Branchenorientierung vielfach als Mogelpackung entlarvt

16.04.1999
MÜNCHEN (CW) - Geht es nach den Umfragen der Firmen Orga und EBS, lassen die meisten Anwender an ERP-Lösungen und ihren branchenspezifischen Aufsätzen kaum ein gutes Haar.

Bei den ERP-Herstellern ist ein deutlicher Trend zur branchenspezifischen Ausrichtung ihrer betriebswirtschaftlichen Standardsoftware zu erkennen. Zwei von drei Anbietern planen einen derartigen Schritt, von dem sie sich eine bessere Position im Wettbewerb versprechen. Allerdings genießen die derzeit angebotenen Produkte keinen guten Ruf. Nur jeder fünfte Anwender stellt den Branchenlösungen ein positives Zeugnis aus, so eine Umfrage des R/3-Spezialisten Orga GmbH, Karlsruhe, bei 471 Unternehmen. Fast zwei Drittel der Teilnehmer sind jedoch der Meinung, daß es sich dabei um Mogelpackungen handelt.

Konzepte oft zu oberflächlich

Besonders kritisiert werden von der Mehrzahl der Anwender die oberflächlichen branchenspezifischen Konzepte der Hersteller.

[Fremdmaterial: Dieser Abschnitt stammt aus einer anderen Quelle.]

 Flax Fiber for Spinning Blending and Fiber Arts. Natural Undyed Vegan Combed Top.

Die Lösungen böten in dieser Hinsicht eine mangelnde Funktionalität. Außerdem beanstanden 59 Prozent der Umfrageteilnehmer, daß sie beim Einsatz dieser Applikationen zu starken technischen Abweichungen vom Standard der ERP-Software gezwungen sind. Infolgedessen riskieren sie bei späteren Release-Wechseln oder bei der Integration von Ergänzungslösungen unüberschaubare Probleme. Weitere Kritikpunkte sind die zu hohe Komplexität der Produkte, ihre überhöhten Preise sowie eine unklare Einschätzung der technischen Weiterentwicklung.

Häufig werde verkannt, daß es nicht ausreicht, eine Standardsoftware mit einigen wenigen Modifikationen zu einer Branchenapplikation zu deklarieren, meint Orga-Geschäftsführer Reinhold Schwind. Seiner Meinung nach lassen sich funktionale Schwächen in den Produkten nur vermeiden, wenn der Hersteller seine Lösung gemeinsam mit einem repräsentativen Branchenunternehmen entwickelt.

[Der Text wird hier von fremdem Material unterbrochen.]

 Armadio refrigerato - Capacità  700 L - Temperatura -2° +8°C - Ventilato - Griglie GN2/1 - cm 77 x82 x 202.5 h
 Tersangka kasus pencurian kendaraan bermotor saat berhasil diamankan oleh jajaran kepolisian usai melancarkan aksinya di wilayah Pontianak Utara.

Die meisten Umfrageteilnehmer (59 Prozent) vertrauen Herstellern mit hoher Marktpräsenz wie der SAP. Jeder fünfte Anwender (19 Prozent) setzt lieber auf Branchenlösungen von Spezialanbietern, und 13 Prozent greifen auf die Angebote von mittelstandsorientierten Softwarehäusern zurück.

Nicht viel besser kommen die branchenübergreifenden Lösungen der ERP-Hersteller selbst weg. In einer Umfrage des Neu-Ulmer ERP-Spezialisten EBS GmbH unter 617 Mittelständlern (20 bis 200 Millionen Mark Umsatz) bezeichneten drei Viertel ihr Verhältnis zu den Softwarehäusern als kritisch bis mißtrauisch. Während nur 38 Prozent der Betriebe den ERP-Lösungen ein insgesamt positives Urteil aussprachen, gaben ähnlich viele zu Protokoll, daß sie in ihren Anforderungen Abstriche machen mußten. Fast jeder fünfte Anwender gesteht sogar einen Fehlgriff bei der Wahl des ERP-Produkts ein.

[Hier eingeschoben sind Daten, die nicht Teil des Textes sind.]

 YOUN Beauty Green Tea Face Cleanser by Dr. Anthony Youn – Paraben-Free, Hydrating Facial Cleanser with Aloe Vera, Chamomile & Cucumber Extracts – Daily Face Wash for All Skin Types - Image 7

Eine problemfreie Implementierung fand der Studie zufolge bei einem Viertel der Befragten statt. Weit häufiger wird von "großen Schwierigkeiten" berichtet, und sechs Prozent der Firmen sahen sich sogar zum Abbruch des Projekts gezwungen.

Der Praxisbetrieb gestaltet sich nur in jedem vierten Unternehmen zur Zufriedenheit der IT-Verantwortlichen. Oberster Kritikpunkt ist auch hier die mangelhafte Funktionalität, hinzu kommen Schnittstellen- und Stabilitätsprobleme.